In other words, along with the now familiar argument about equality under the law, plaintiffs in General Synod of the United Church of Christ v. Cooper contend that North Carolina’s ban on same-sex marriage violates their religious liberty. The specific articulation of this argument in court documents and statements to the press raises a number of new questions about the marriage equality movement and sharpens some existing ones.
At the press conference announcing the filing of the lawsuit, the Rev. Nancy Ellett Allison, pastor of Holy Covenant United Church of Christ (UCC) in Charlotte, said, “North Carolina’s laws prohibiting same-gender marriage designate some citizens as unfit for the blessings of God. We reject that notion. As all God’s children are welcome to receive the sacraments of communion and of baptism, so all of God’s children should be able to receive the sacrament of holy union and marriage.” While Allison’s proclamation has incontrovertible rhetorical power, the soundness of her legal and theological analysis is less certain.

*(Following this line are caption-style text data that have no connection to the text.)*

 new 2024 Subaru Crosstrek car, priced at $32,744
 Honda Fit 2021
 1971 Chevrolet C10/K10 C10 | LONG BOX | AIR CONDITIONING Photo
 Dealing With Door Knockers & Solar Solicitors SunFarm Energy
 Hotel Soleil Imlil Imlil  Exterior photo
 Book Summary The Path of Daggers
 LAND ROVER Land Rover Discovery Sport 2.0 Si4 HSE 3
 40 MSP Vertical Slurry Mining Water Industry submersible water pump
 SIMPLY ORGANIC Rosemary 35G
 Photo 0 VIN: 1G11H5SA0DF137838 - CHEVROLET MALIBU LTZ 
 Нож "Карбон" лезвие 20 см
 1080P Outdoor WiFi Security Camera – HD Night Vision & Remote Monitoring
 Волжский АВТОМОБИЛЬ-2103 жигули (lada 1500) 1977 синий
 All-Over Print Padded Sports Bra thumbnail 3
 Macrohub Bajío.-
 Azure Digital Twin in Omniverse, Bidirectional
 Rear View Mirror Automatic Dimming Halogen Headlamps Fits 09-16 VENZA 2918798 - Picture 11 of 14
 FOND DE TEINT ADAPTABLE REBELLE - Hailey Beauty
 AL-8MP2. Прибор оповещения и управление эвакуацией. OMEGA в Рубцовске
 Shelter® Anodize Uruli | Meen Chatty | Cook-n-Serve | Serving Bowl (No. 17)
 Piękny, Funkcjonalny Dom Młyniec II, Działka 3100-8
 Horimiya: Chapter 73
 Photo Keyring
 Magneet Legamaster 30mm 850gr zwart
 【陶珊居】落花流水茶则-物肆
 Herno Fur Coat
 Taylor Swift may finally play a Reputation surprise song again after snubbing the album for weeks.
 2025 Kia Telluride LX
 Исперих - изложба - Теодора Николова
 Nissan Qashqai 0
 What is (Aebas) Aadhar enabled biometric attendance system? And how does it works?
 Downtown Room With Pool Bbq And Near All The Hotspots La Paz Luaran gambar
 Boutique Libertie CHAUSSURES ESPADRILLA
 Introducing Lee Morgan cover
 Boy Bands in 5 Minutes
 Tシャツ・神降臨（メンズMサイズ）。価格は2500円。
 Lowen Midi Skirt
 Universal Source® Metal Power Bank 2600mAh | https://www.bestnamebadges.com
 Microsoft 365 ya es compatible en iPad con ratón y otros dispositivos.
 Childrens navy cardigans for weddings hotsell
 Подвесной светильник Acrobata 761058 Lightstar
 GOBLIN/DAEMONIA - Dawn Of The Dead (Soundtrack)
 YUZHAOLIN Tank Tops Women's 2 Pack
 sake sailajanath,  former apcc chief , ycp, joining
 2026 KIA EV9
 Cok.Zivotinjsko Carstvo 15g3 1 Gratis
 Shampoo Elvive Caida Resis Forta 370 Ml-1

As in almost every jurisdiction, clergy in North Carolina are, in effect, deputized to represent the state at marriage ceremonies, to receive marriage licenses issued by the state, and to return those licenses to the register of deeds so that they can be duly recorded. North Carolina law also states that any person “authorized to solemnize a marriage under the laws of this state who marries any couple without a license being first delivered to that person … shall … pay two hundred dollars to any person who sues therefore, and shall also be guilty of a Class 1 misdemeanor” (§ 51-7). Such a misdemeanor carries a penalty of up to 45 days in jail for the first four offenses and up to 120 days in jail for five or more offenses (§ 15A-1340.23). Plaintiffs in General Synod contend that this second provision criminalizes officiating at same-sex weddings, because the couples being married can never obtain the requisite license, thereby infringing on the religious liberty of the ministers to conduct such weddings and on the religious liberty of the couples to receive the blessings of their faith communities.